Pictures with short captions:

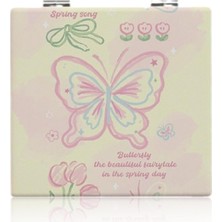 Kelebek Kompakt Büyüteçli Makyaj Aynası Seyahat Karikatür Sevimli Elde Taşınabilir Katlanabilir Mini Cep Boyu Büyütülmüş Kişisel Ayna (Butterfly 2)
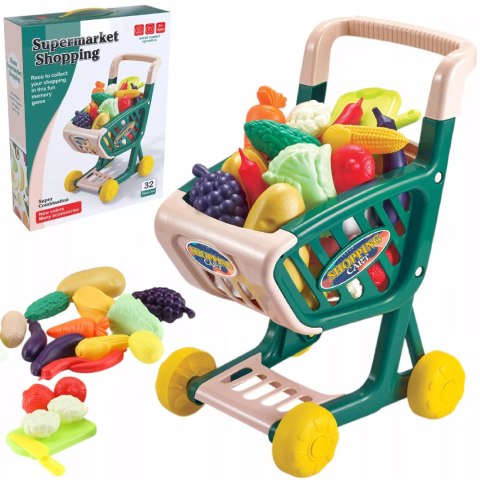 Wózek Sklepowy dla Dzieci Warzywa i Owoce Zestaw Zakupowy Sklep Koszyk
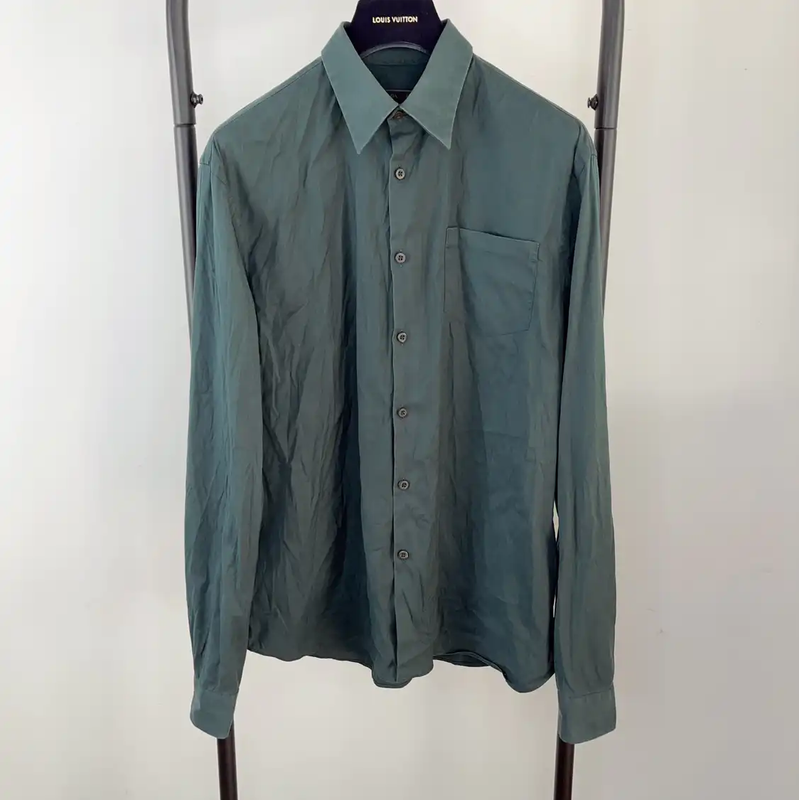 Prada Men's Dark Green Cotton Shirt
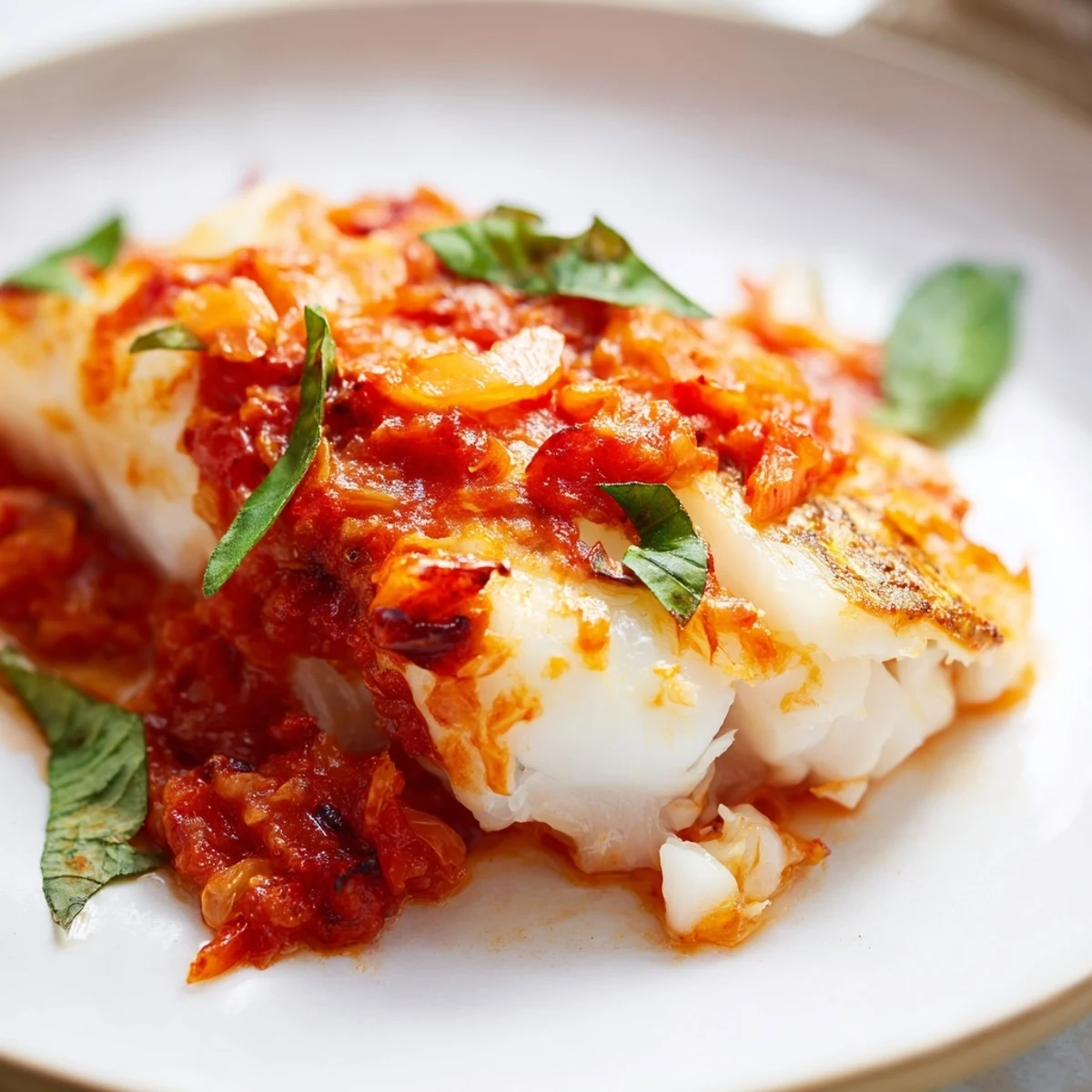 Golden-baked Baked Cod with Tomato Basil Sauce, garnished with fresh basil, paired with roasted potatoes on a rustic plate.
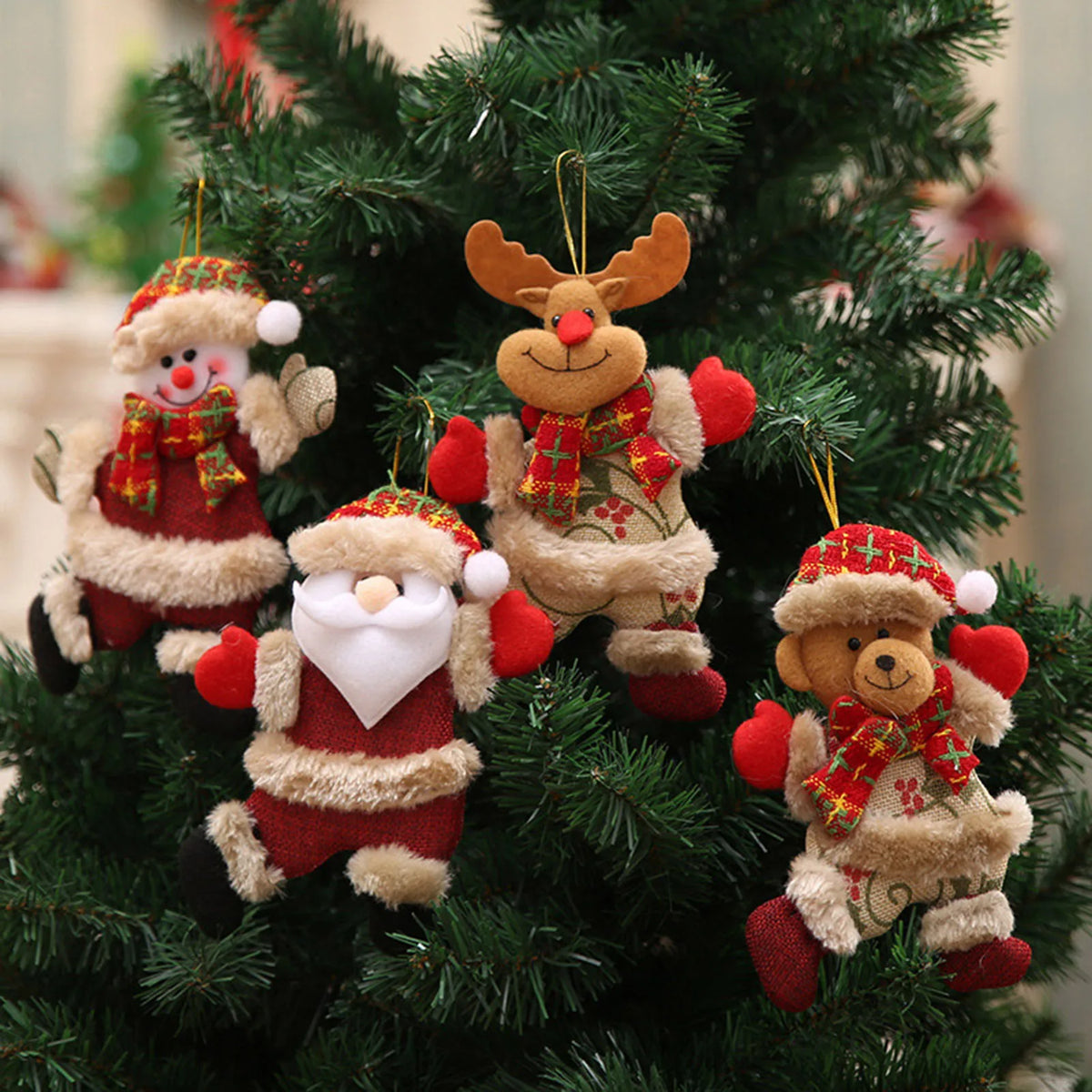 Fabric Christmas hanging ornaments Santa and snowman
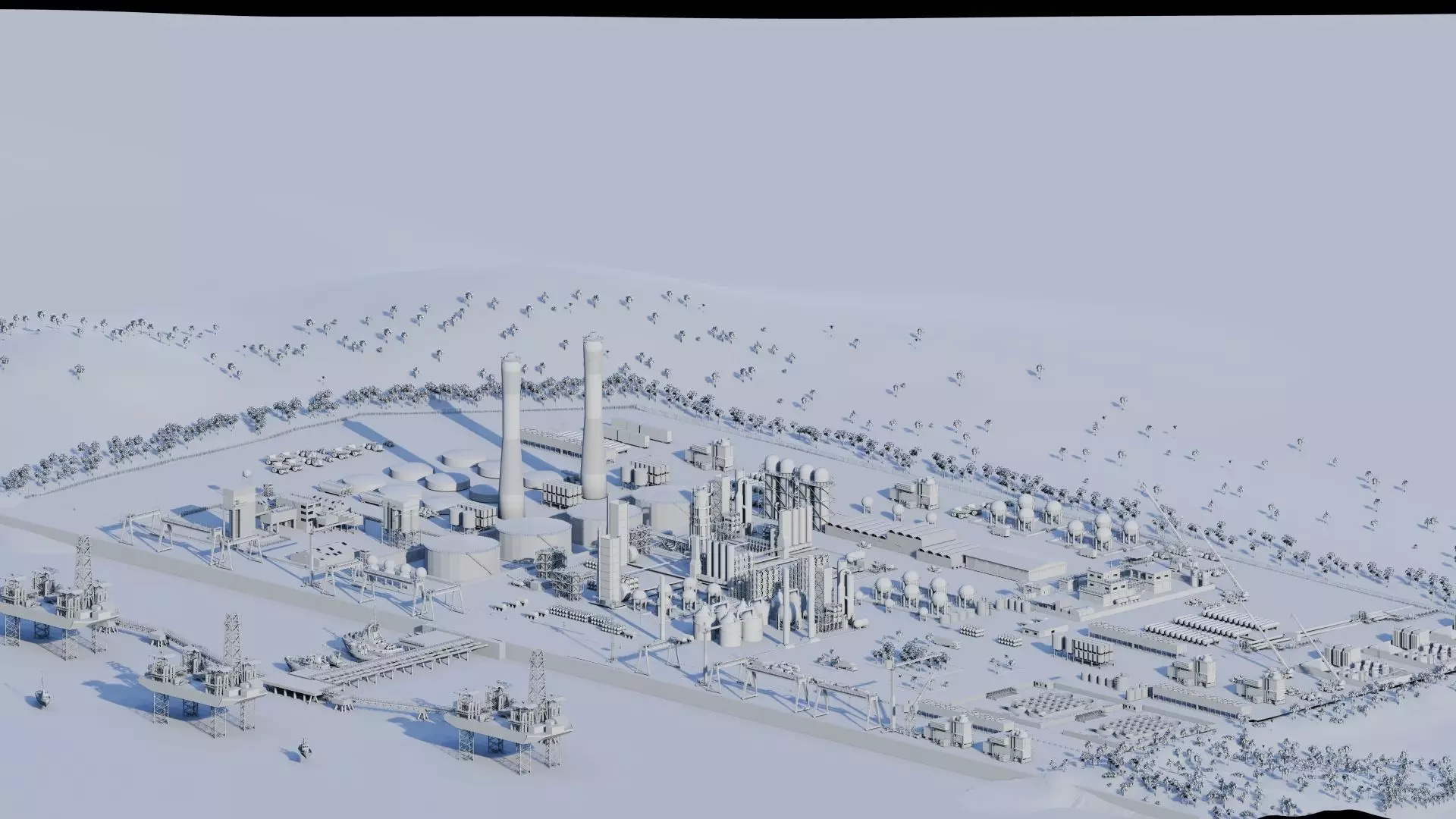 Petrochemical-Complex and Oil Gas Rig-Refinery power plant 3D model_38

Exercise: Once you find the line that contains "Golden-baked Baked Cod", reproduce it and every line after it through the end of the entries above, exactly as written, with no pictures.

Your response:
 Golden-baked Baked Cod with Tomato Basil Sauce, garnished with fresh basil, paired with roasted potatoes on a rustic plate.
 Fabric Christmas hanging ornaments Santa and snowman
 Petrochemical-Complex and Oil Gas Rig-Refinery power plant 3D model_38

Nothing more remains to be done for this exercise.